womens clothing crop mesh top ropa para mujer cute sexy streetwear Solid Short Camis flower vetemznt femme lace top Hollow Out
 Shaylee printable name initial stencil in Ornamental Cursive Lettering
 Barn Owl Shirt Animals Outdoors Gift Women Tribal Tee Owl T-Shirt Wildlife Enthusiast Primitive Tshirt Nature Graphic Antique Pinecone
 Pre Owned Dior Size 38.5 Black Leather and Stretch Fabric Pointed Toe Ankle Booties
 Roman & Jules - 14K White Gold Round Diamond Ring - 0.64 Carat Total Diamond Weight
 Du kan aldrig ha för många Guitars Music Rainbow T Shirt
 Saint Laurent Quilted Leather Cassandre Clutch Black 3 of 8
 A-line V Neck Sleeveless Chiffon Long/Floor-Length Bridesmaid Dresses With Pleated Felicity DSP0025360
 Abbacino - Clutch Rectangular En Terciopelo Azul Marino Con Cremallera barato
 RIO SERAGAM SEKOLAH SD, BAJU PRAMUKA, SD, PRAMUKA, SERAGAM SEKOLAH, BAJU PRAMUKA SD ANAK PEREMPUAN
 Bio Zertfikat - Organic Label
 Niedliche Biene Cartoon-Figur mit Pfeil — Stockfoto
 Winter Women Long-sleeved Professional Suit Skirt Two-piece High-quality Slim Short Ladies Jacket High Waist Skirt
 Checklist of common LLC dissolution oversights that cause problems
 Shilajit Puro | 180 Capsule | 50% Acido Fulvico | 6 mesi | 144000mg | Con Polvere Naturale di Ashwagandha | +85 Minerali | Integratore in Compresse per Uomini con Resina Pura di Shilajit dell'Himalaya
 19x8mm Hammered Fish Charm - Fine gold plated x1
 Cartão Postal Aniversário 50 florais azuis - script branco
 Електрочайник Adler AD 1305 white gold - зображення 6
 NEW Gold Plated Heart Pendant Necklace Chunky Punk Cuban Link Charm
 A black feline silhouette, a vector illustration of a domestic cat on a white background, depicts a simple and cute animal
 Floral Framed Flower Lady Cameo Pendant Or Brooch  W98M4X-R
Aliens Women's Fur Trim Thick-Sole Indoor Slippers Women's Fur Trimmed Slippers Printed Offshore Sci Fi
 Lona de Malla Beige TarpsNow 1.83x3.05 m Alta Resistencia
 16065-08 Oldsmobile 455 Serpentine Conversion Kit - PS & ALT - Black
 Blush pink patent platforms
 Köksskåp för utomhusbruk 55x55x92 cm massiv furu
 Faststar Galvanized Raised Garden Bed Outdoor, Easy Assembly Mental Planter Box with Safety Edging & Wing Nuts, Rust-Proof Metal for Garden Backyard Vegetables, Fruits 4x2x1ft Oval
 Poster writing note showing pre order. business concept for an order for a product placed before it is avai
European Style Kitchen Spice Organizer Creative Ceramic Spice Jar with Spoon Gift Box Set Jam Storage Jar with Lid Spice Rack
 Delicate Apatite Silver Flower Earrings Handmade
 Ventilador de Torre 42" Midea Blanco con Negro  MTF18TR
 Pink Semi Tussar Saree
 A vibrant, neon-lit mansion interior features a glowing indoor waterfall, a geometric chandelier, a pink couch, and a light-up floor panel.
━━━
__THE PROBLEM__. In the records, find every line that has the string "Pendant" and copy it.

__TASK SOLUTION__.
 NEW Gold Plated Heart Pendant Necklace Chunky Punk Cuban Link Charm
 Floral Framed Flower Lady Cameo Pendant Or Brooch  W98M4X-R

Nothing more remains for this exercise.